子どもの頃から、自分の思いを伝えたり、人の話を理解したり、自分で選んだりする力を身につける。成長するにつれて社会の中で家族以外の人との繋がりをもち、自分の時間を誰とどのように過ごすかを選んで実行できる。気の合う人と好きなところに出かけたり、新たなチャレンジをしたり。自宅で一人好きなことをしたり、時には気の進まない付き合いもあったり。家族のために使う時間もある。 本人だけでなく、家族も、その人に関わる人もともにそんな暮らしを目指す支援をしていきます。

人と社会の狭間を見つめる。

高校を中退して何十年も引きこもっていた人や、親御さんが亡くなり住む場所がなくなったニートの人など、社会との隔たりがある人に出会うたび、もし小学生の時や10代の頃から関われていたら、成長に合った支援ができていたら、彼らは働けていたのではないかと感じることも多々あります。本人は、長年の葛藤と非常に不安でつらい状況を抱えて外に出てくるのに、たった数人の支援者や相談員が、状況を的確に見極めてその後の人生をサポートしていかなければならないのは、支援として不十分であることは明らかです。もっと早く、課題に埋もれてしまう前に、SOSに気づいて支える人を増やしていかなければなりません。

「み・らいず2」のみらい

 「み・らいず」から「み・らいず2」へバージョンアップするといっても、これまでの課題が解決したわけではありません。チャレンジすることは山積みであり、これまでと同様に最大限、真摯に取り組むのみです。出会った人々を支えたい一心でサークルを法人化させ、無い知恵をしぼり、常にこれでいいのかと悩み、自分たちの限界を感じながらもそれを乗り越えようと懸命に取り組んでこられたのは、ともに働くスタッフ、み・らいずを選んでくださった方々、応援してくださる方々のおかげだと思っています。そしてこれからも力を合わせて取り組んでいけることにやりがいや喜びを感じています。

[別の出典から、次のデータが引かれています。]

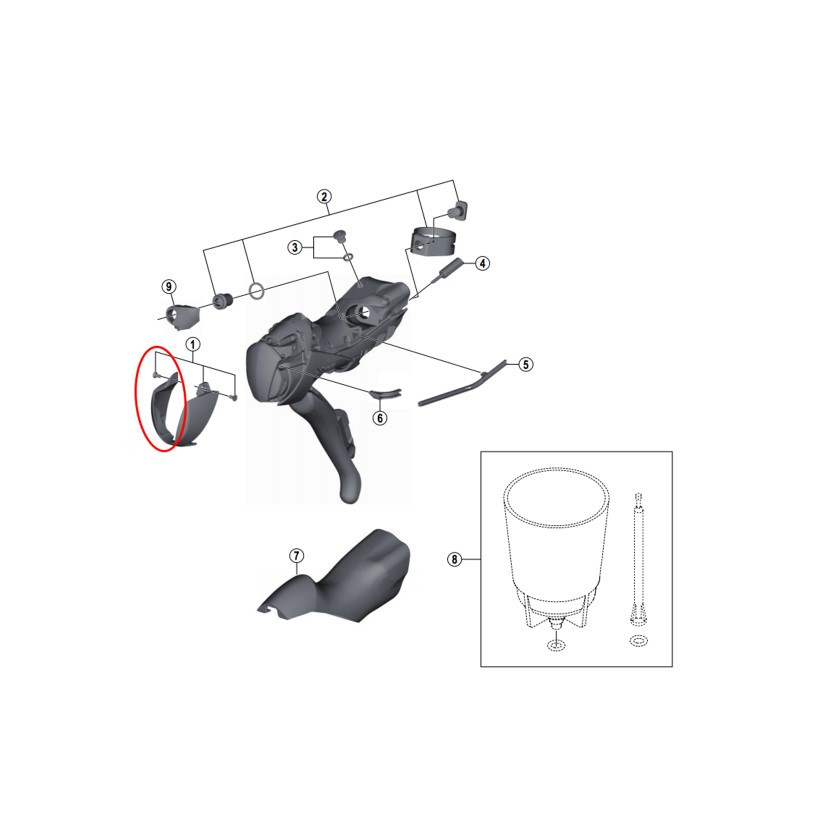 Shimano Embellecedor Maneta St-rs505 Dcho. Shimano Embellecedor Maneta St-rs505 Dcho.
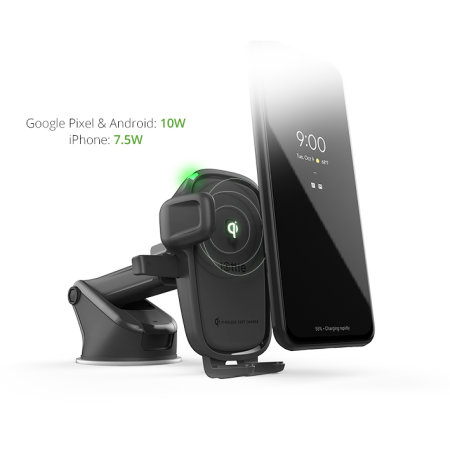 Detector Op tijd Eerlijkheid iOttie 10W Easy One Touch 2 In-Car Wireless Charger Dash Mount - For  Android and iPhone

 設立後15年以上が経ち、今まで関わった方々も新たなステージに進んでいます。成人した、元気に働いているというニュースを聞くたびにうれしく思い、スタッフみんなで喜びを分かち合っています。創業メンバーがそうであったように、学生がガイドヘルパーを務めるという文化が現在も根付いているのも、とても重要なことだと考えています。これからは、もっと「福祉」が流行ってほしいと思います。学生時代に福祉を通して社会と関わった人々は、人や社会の幸せを考えながらその後の人生を歩んでいるように感じます。関わる学生が増えることで、社会がより幸せになるのではないかと考えています。

また、女性が経験や能力を活かして活躍できる場としても、柔軟性や当事者性のあるNPOという選択を広めていきたい。
さらに将来的には、スタッフの子どもたち世代が「み・らいず2」マインドを継承してくれれば最高です。